Below are entries. Give back exactly the lines from the one containing "when their net" through the one containing "What's On at Zinc", inclusive, without the pictures.

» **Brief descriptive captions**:
++++++

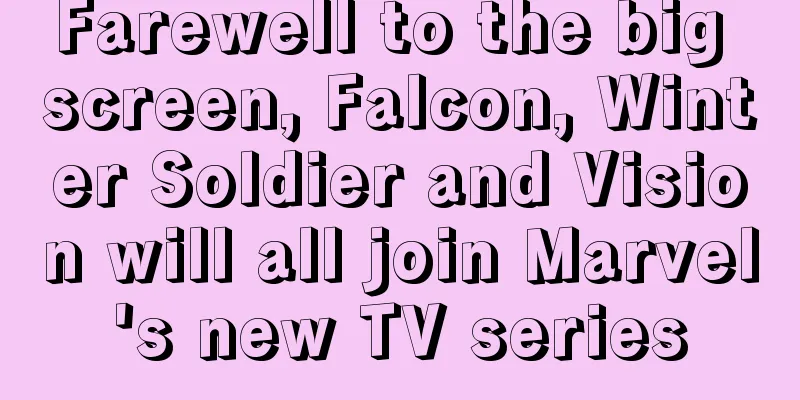 Farewell to the big screen, Falcon, Winter Soldier and Vision will all join Marvel's new TV series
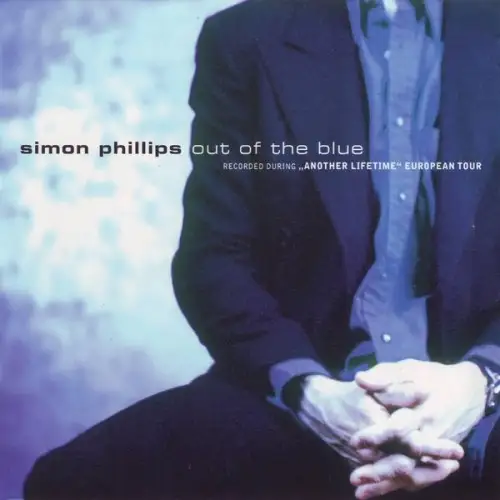 Simon Phillips / Out Of The Blue 1999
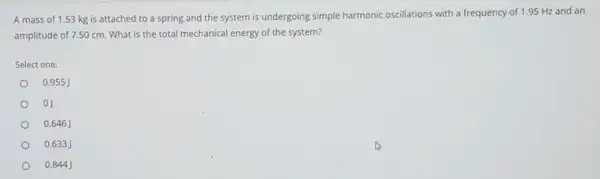 A mass of 1.53 kg is attached to a spring and the system is undergoing simple harmonic oscillations with a frequency of 1.95 Hz and an
amplitude of 7.50 cm What is the total mechanical energy of the system?
Select one:
0.955
0J
0.646 J
0.633 j
0.844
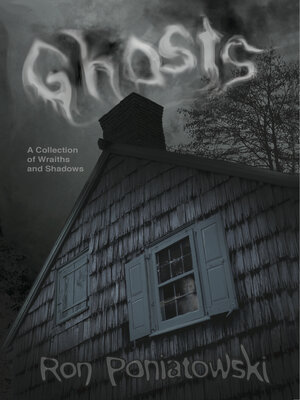cover image of Ghosts: a Collection of Wraiths and Shadows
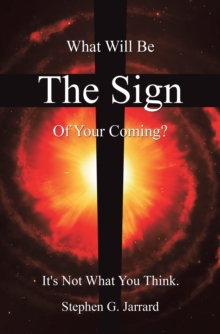 The Sign : What Will Be the Sign of Your Coming? It's Not What You Think.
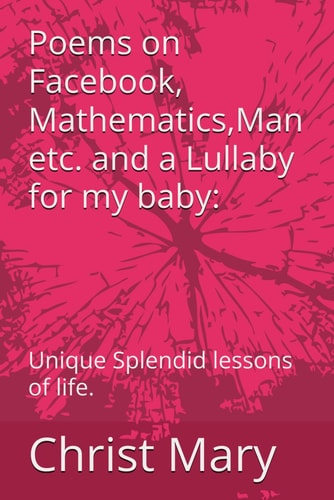 Poems on Facebook, Mathematics, Man Etc. and a Lullaby for My Baby Unique Splendid Lessons of Life.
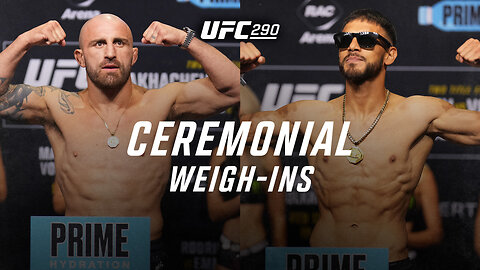 UFC 290: Ceremonial Weigh-ins
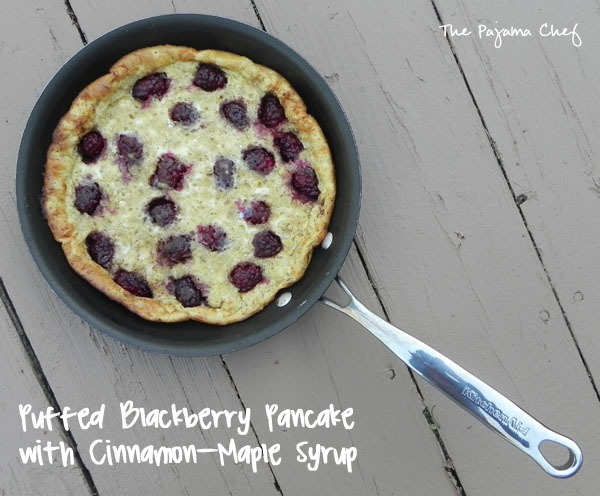 Featured Recipe | Puffed Blackberry Pancake with Cinnamon-Maple Syrup from The Pajama Chef #recipe #pancake #breakfast #SecretRecipeClub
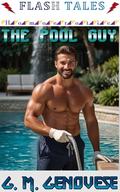 THE POOL GUY (Flash Tales - Homoerotic #13) by G. M. Genovese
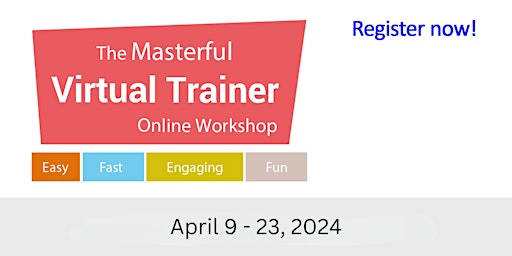 Primaire afbeelding van Masterful Virtual Trainer Online Workshop 2024 Apr 9
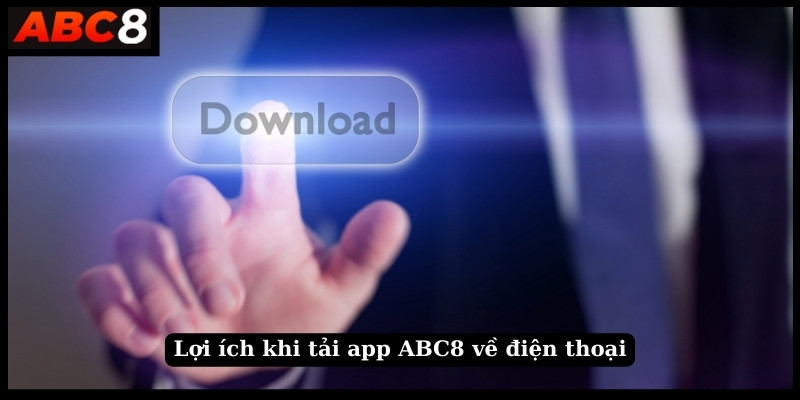 Lợi ích khi tải app ABC8 về điện thoại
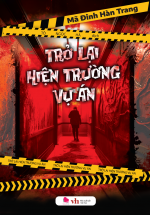 Trở Lại Hiện Trường Vụ Án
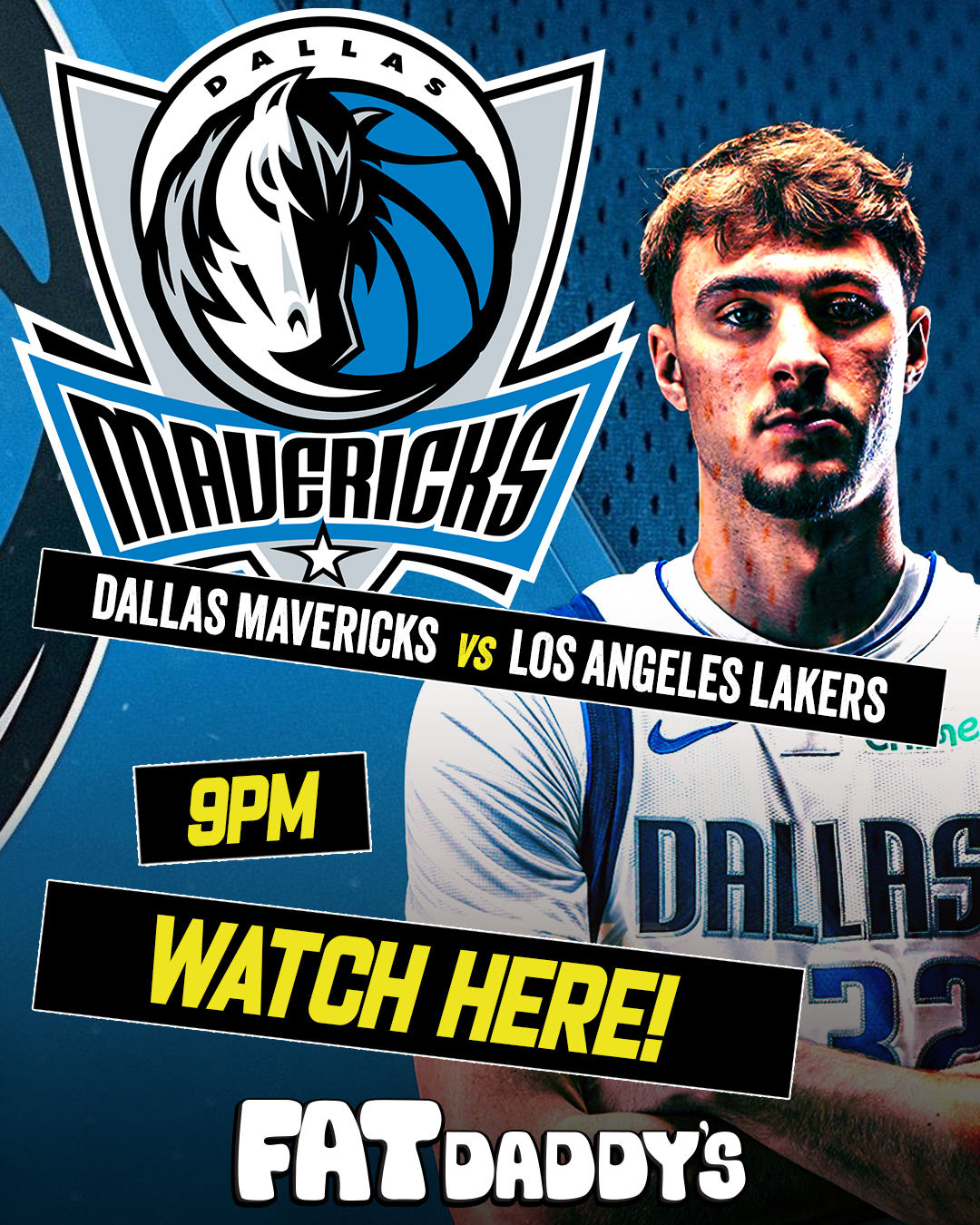 Watch YOUR Dallas Mavericks HERE!!
Tonight: Mavericks vs Lakers
Tipoff at 9PM
Reserve YOUR Table NOW!
@ fatdaddyslive.com
Let's GO!!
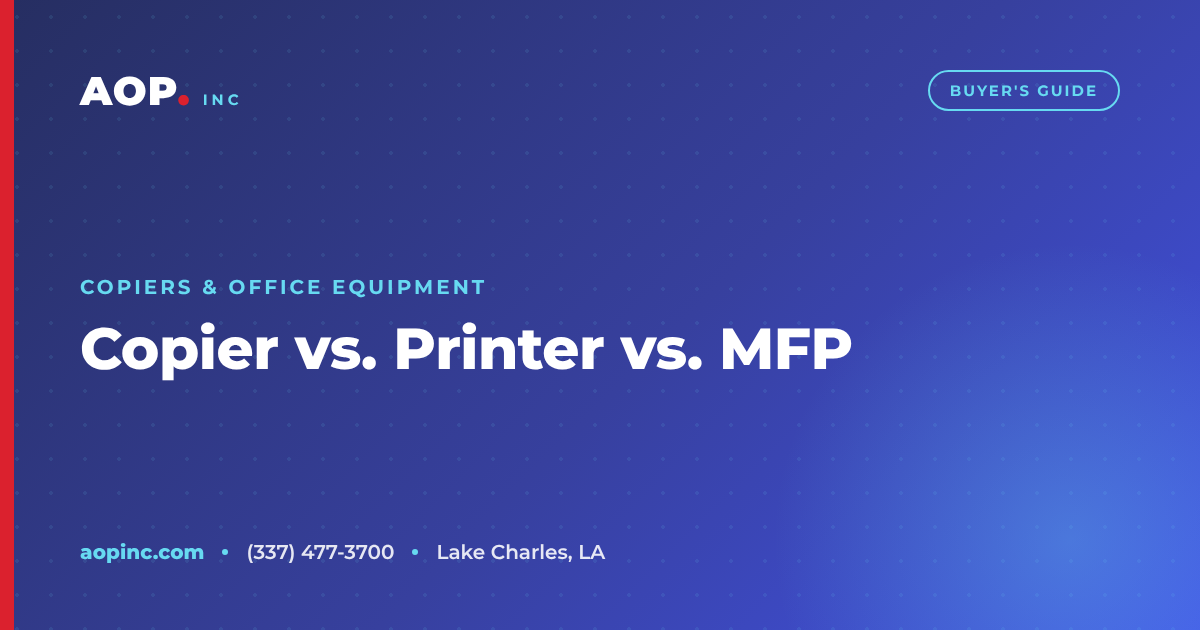 Copier vs. Printer vs. MFP: What Does Your Office Actually Need?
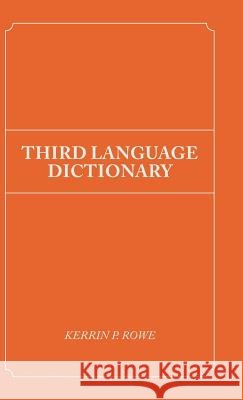 Third Language Dictionary Kerrin P Rowe 9781490786322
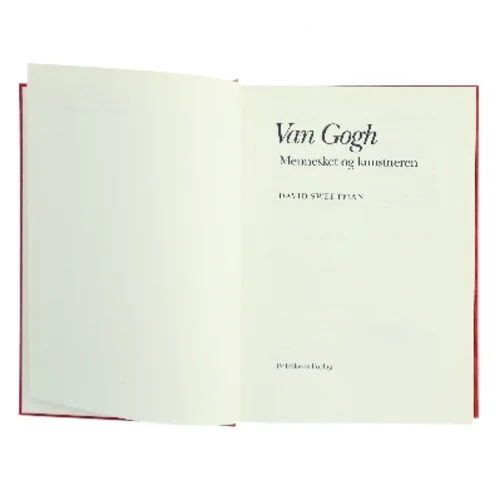 Van Gogh – Mennesket og kunstneren fra Politikens Forlag af David Sweetman (Bog)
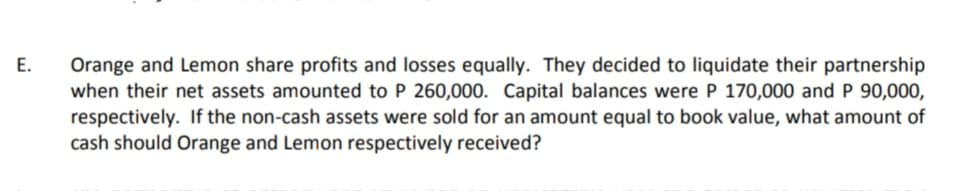 Orange and Lemon share profits and losses equally. They decided to liquidate their partnership
when their net assets amounted to P 260,000. Capital balances were P 170,000 andP 90,000,
respectively. If the non-cash assets were sold for an amount equal to book value, what amount of
cash should Orange and Lemon respectively received?
E.
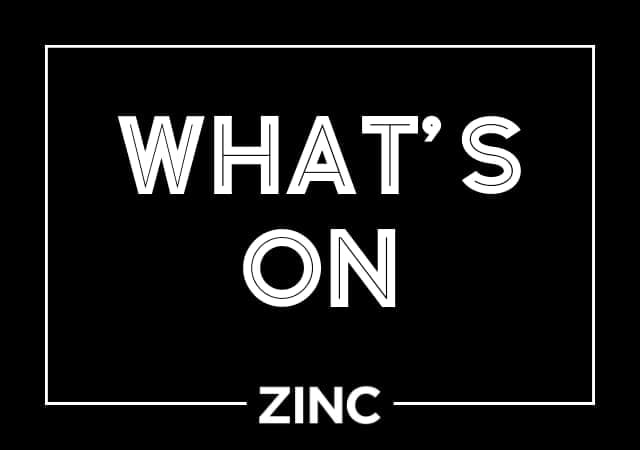 What's On at Zinc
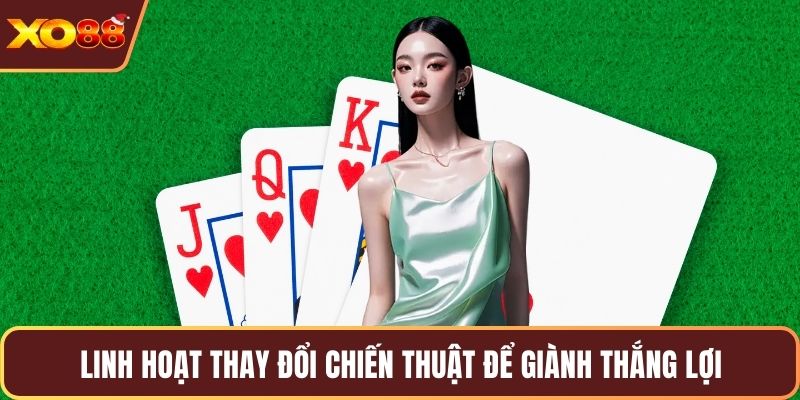 Linh hoạt thay đổi chiến thuật để giành thắng lợi
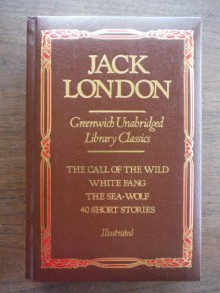 The Call of the Wild, White Fang, The Sea-Wolf, 40 Short Stories: Greenwich Unabridged Library Classics - Jack London, Paul Horowitz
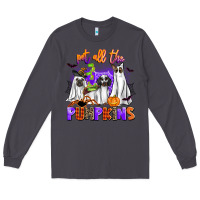 Smoke pet all the pupkins Long Sleeve Tee - AdoDesignShop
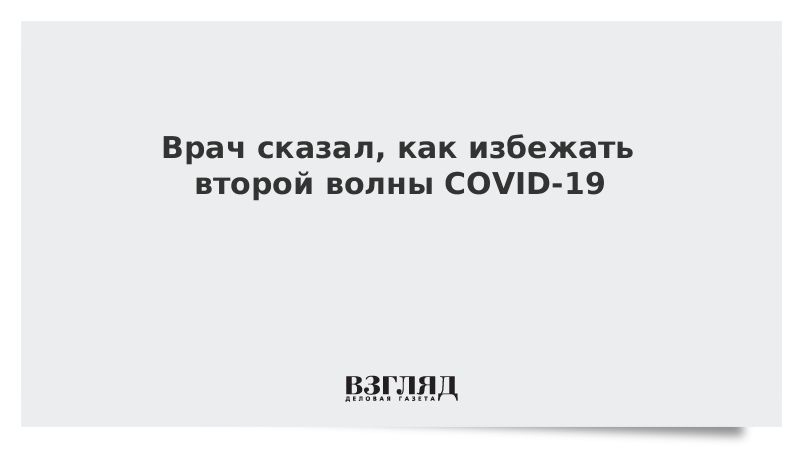 Врач сказал, как избежать второй волны COVID-19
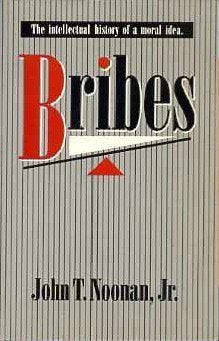 Bribes: The Intellectual History Of A Moral Idea,Used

++++++

» **EXERCISE RESULT**:
when their net assets amounted to P 260,000. Capital balances were P 170,000 andP 90,000,
respectively. If the non-cash assets were sold for an amount equal to book value, what amount of
cash should Orange and Lemon respectively received?
E.
 What's On at Zinc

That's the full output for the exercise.